蒼依は、女体化した。「お兄ちゃん。いや、お姉ちゃん。可愛いね。」紗希が言った。

「おい。俺、いや私は可愛くないよ。紗希照れるようなこと言わないでよ。」

「お姉ちゃん、混乱してる?」

「何を言ってるのよ。混乱なんてしてない。」

「もう慣れたのか?女体に。」と咲耶が言う。

「あぁ。もう慣れた。そうでなければ生きて行けない。」

「そりゃ良かった。ワシも一旦、若者文化の勉強をして年相応に成らないとな。」鴎耶が言った。

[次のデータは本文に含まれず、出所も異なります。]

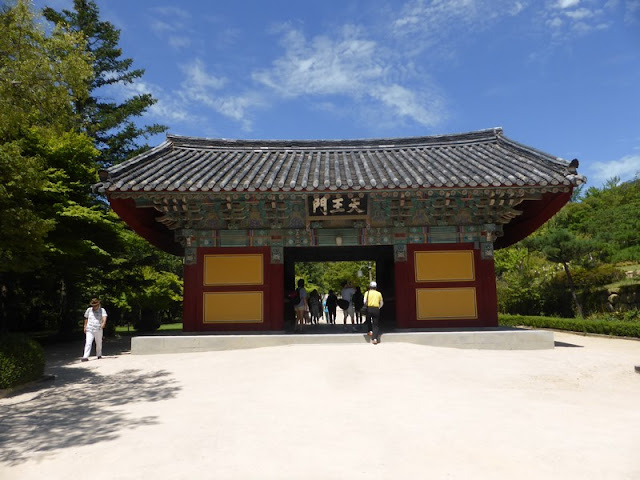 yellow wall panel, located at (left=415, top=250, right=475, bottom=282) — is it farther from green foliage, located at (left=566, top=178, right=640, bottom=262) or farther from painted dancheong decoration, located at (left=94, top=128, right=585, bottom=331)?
green foliage, located at (left=566, top=178, right=640, bottom=262)

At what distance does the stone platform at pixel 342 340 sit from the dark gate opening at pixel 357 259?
4935mm

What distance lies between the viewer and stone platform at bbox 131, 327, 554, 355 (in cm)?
1005

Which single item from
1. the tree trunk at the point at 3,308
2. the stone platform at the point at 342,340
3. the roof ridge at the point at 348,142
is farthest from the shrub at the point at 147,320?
the stone platform at the point at 342,340

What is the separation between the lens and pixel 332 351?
9.05 m

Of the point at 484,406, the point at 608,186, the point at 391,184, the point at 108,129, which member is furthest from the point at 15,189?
the point at 608,186

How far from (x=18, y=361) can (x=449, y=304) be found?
32.2 ft

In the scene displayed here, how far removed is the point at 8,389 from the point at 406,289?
892 centimetres

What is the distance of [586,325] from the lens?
54.3 feet

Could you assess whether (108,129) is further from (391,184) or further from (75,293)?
(391,184)

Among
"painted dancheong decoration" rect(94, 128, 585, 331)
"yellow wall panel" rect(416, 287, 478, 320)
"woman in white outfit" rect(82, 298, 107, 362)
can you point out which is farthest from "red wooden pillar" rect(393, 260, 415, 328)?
"woman in white outfit" rect(82, 298, 107, 362)

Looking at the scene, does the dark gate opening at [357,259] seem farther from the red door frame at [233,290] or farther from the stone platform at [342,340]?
the stone platform at [342,340]

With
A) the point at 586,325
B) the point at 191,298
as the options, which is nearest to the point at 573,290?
the point at 586,325

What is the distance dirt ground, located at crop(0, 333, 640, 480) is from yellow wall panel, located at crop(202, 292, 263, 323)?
2.77 meters

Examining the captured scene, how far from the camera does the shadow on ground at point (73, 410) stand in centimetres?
431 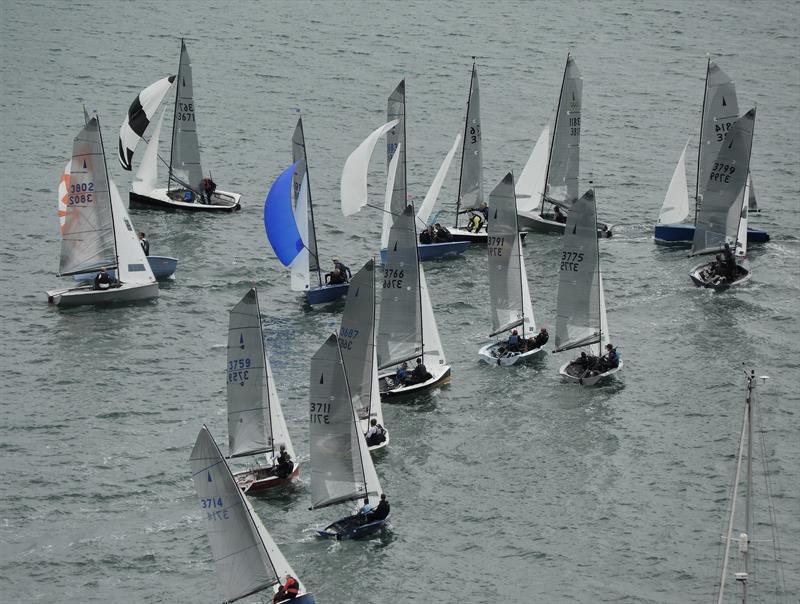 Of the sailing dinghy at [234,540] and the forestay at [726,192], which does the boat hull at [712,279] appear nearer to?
the forestay at [726,192]

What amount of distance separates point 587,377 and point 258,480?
19.8 meters

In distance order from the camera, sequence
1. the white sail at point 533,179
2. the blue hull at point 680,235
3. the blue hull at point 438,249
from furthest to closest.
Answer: the white sail at point 533,179, the blue hull at point 680,235, the blue hull at point 438,249

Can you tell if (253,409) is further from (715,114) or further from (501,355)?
(715,114)

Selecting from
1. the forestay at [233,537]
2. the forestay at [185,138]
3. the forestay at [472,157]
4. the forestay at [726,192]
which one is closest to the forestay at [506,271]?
the forestay at [472,157]

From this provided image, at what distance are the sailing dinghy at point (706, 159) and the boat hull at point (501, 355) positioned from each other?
21697mm

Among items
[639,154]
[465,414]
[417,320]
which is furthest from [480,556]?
[639,154]

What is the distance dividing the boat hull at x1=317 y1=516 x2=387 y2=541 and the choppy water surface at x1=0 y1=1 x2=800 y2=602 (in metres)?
0.65

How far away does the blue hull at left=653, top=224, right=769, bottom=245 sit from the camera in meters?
95.1

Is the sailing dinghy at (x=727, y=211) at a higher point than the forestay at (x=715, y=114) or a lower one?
lower

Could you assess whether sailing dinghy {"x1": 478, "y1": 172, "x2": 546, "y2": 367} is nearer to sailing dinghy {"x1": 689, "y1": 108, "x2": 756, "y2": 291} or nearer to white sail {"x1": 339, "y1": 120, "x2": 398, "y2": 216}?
white sail {"x1": 339, "y1": 120, "x2": 398, "y2": 216}

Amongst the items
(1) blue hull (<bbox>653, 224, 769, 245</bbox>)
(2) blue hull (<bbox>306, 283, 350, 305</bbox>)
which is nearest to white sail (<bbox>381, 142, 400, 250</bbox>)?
(2) blue hull (<bbox>306, 283, 350, 305</bbox>)

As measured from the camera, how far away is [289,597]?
53.2 m

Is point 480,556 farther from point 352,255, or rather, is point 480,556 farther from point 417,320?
point 352,255

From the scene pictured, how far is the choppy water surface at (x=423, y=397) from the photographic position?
59125 mm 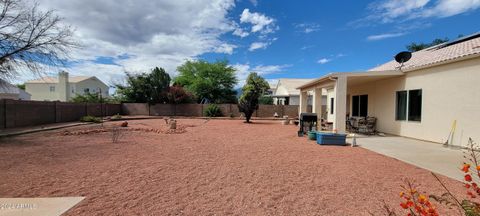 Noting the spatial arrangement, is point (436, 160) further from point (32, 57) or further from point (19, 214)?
point (32, 57)

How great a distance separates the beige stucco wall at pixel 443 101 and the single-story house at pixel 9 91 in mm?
18542

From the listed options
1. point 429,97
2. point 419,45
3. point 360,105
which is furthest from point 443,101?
point 419,45

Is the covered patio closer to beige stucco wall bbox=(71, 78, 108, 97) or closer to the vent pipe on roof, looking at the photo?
the vent pipe on roof

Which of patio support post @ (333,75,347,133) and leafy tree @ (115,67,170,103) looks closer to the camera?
patio support post @ (333,75,347,133)

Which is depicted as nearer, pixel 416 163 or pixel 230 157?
pixel 416 163

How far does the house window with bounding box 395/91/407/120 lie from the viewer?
10156mm

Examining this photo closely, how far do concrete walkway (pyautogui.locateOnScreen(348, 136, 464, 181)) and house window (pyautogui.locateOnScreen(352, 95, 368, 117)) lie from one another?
4830 mm

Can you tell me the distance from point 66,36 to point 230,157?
441 inches

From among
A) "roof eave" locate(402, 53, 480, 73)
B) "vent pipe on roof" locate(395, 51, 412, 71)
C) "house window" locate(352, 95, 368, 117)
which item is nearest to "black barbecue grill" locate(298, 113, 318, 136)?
"roof eave" locate(402, 53, 480, 73)

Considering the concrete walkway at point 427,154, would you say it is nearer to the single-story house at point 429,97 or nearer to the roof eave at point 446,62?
the single-story house at point 429,97

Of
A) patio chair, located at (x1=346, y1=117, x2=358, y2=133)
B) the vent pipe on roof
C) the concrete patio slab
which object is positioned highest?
the vent pipe on roof

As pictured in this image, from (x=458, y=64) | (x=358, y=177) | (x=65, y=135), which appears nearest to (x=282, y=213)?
(x=358, y=177)

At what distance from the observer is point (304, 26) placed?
1684 centimetres

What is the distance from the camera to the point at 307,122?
11.0 m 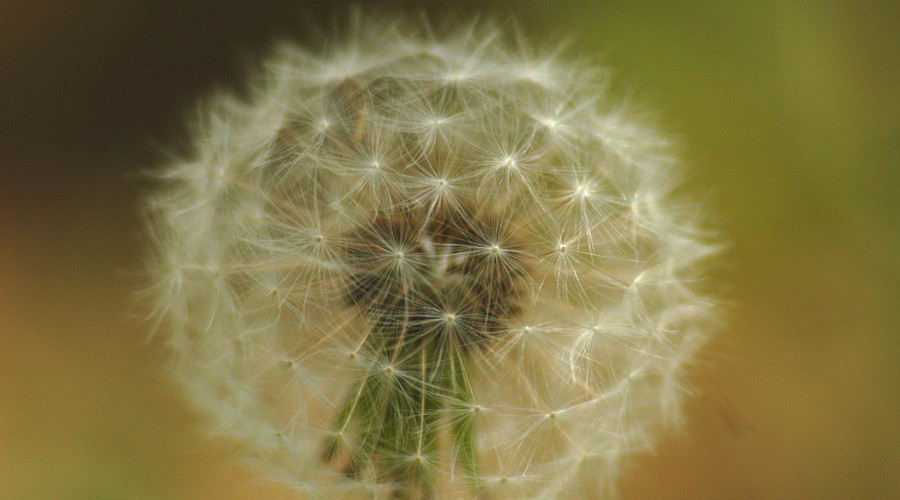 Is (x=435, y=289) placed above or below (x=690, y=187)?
below

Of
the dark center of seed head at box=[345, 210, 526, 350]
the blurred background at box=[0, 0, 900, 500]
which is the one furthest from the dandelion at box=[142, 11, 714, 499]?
the blurred background at box=[0, 0, 900, 500]

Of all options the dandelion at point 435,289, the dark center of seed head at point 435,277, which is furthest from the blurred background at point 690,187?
the dark center of seed head at point 435,277

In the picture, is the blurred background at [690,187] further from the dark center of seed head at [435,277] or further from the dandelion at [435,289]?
the dark center of seed head at [435,277]

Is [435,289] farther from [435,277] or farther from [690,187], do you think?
[690,187]

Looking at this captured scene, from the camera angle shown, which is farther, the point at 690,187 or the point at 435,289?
the point at 690,187

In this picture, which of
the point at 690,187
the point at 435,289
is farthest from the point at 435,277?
the point at 690,187

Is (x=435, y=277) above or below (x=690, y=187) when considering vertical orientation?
below

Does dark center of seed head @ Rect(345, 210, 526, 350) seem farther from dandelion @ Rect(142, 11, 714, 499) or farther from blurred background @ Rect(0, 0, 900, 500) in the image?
blurred background @ Rect(0, 0, 900, 500) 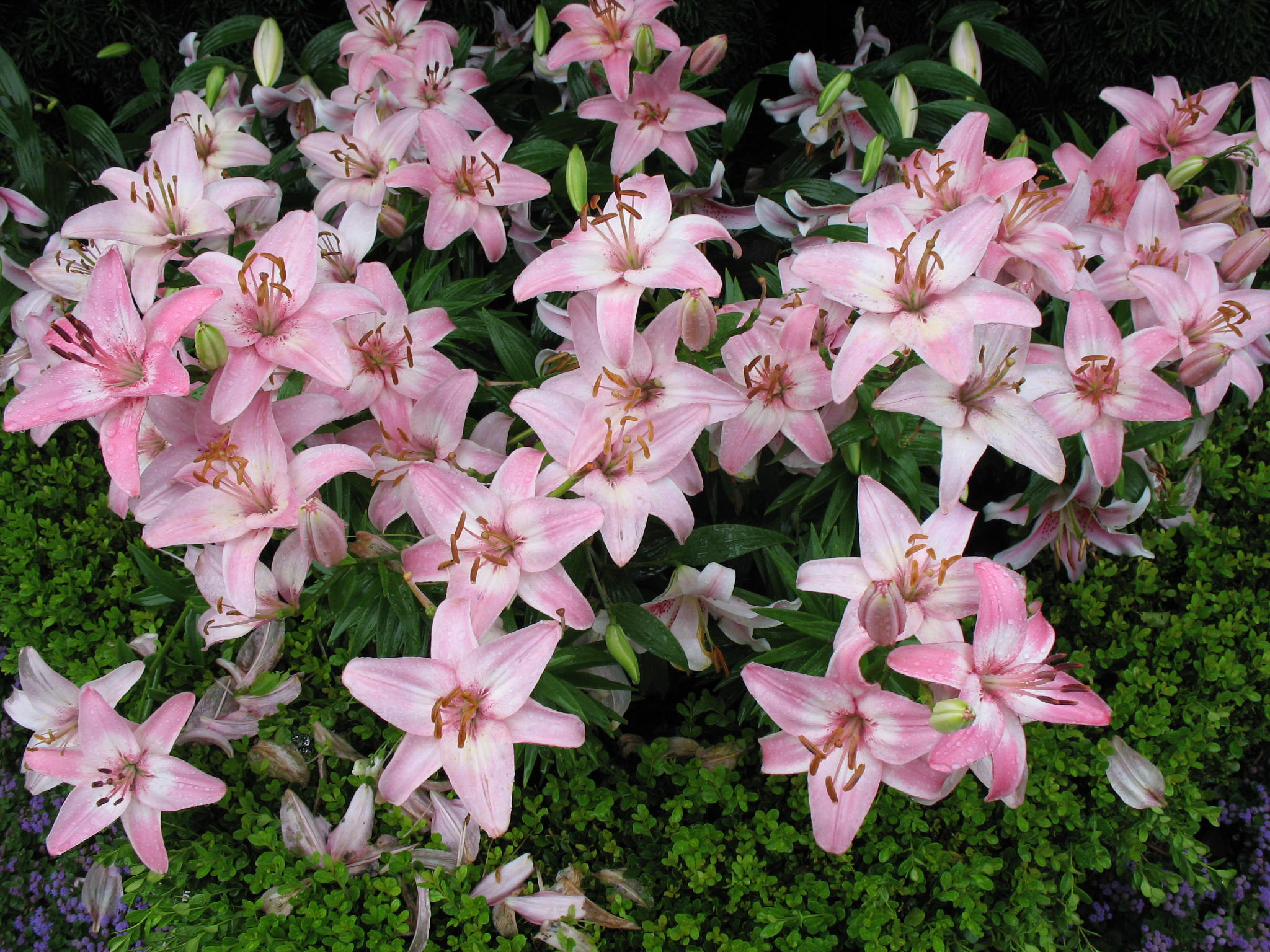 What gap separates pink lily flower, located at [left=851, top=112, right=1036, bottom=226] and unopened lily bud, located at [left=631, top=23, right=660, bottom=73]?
1.18ft

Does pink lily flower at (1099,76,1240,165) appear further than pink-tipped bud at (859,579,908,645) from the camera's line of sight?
Yes

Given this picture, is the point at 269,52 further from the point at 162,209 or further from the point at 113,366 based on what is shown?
the point at 113,366

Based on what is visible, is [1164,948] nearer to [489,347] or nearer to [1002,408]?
[1002,408]

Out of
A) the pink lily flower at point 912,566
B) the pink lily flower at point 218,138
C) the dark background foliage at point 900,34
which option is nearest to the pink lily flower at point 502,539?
the pink lily flower at point 912,566

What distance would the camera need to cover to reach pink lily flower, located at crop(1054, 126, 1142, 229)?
115 centimetres

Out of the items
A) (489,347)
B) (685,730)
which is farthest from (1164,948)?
(489,347)

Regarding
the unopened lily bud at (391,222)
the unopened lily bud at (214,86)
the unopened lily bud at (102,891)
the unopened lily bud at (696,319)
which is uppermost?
the unopened lily bud at (214,86)

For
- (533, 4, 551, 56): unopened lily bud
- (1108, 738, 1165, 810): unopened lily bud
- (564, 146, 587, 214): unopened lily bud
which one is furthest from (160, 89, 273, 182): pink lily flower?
(1108, 738, 1165, 810): unopened lily bud

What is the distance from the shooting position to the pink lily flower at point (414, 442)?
A: 0.90m

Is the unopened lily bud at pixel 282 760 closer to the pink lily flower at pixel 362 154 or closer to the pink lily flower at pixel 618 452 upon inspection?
the pink lily flower at pixel 618 452

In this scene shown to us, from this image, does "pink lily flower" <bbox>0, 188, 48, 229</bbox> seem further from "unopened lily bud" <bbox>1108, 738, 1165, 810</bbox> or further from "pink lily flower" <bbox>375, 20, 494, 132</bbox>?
"unopened lily bud" <bbox>1108, 738, 1165, 810</bbox>

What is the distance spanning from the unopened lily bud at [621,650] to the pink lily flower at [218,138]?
0.84 meters

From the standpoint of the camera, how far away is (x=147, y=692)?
3.23 ft

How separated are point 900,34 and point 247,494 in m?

「じゃあ。私達は一時間後に上がるので、その頃合流しましょう。」

「そうだな。蒼依。」

初めての女湯に浸かることとなった。


廊下をすすみ、暖簾を潜る。そして、脱衣場へ。蒼依は、興奮して鼻血が出ることを恐れた。しかし、もう慣れているかのように何も起こらなかった。

「お姉ちゃん。肌綺麗だね。艶が凄いよ。」

褒められて恥ずかしいけど、妹の新たな一面が見れた気がする。

男の時は、あまり、触れ合う事が出来なかった。恥ずかしいと言う気持ちと喧嘩しそうだということで。

でも、女性同士の今なら、気を置くこともなく話せると思う。

「じゃあ、お姉ちゃん。御風呂行こうか。初陣だから、油断しないでね。」

「何よ。その初等兵みたいな扱い方は。」

と言いつつも、蒼依は納得していた。慣れない女性の身体だ。いつどうなるか分からねぇ。と。

まずは、礼儀の一つ、かけ湯。あまり熱くなくて、支配人の心遣いを感じた。

そして入浴した。硫化泉と言うべきか。硫黄の臭いがする温泉であった。

「あぁ。やっぱり、温泉は体に良いねぇ。」

「美少女がそんな話し方をしないでよ。」

「紗希、嫉妬してるの?」

「えっ!お姉ちゃん、やめてよ。」

「あら。図星?もう、紗希ったら単純なんだから。」

紗希にお湯を掛けられた。どうやら照れてるようだ。やられたらやり返す。ハイリターンですよ。

流石に、お湯を掛けるのは、周りの人に迷惑かなと思ってやめたけど。

やっぱり、 妹の事好きなのかも。今まで過ごしてきた時間を無駄に思った。何で、もっと妹と触れ合わなかったのだろうかと。

「湯煙や 我らを戻して 過去の時」という俳句を詠みたくなるほどの後悔だ。

俺の才能は、所詮作者の才能。幾ら、俺が詩を詠んだってこいつは俺の評価を下げる一因となるんだ。

皆には、決して僕を見捨てないでくれ。頼む。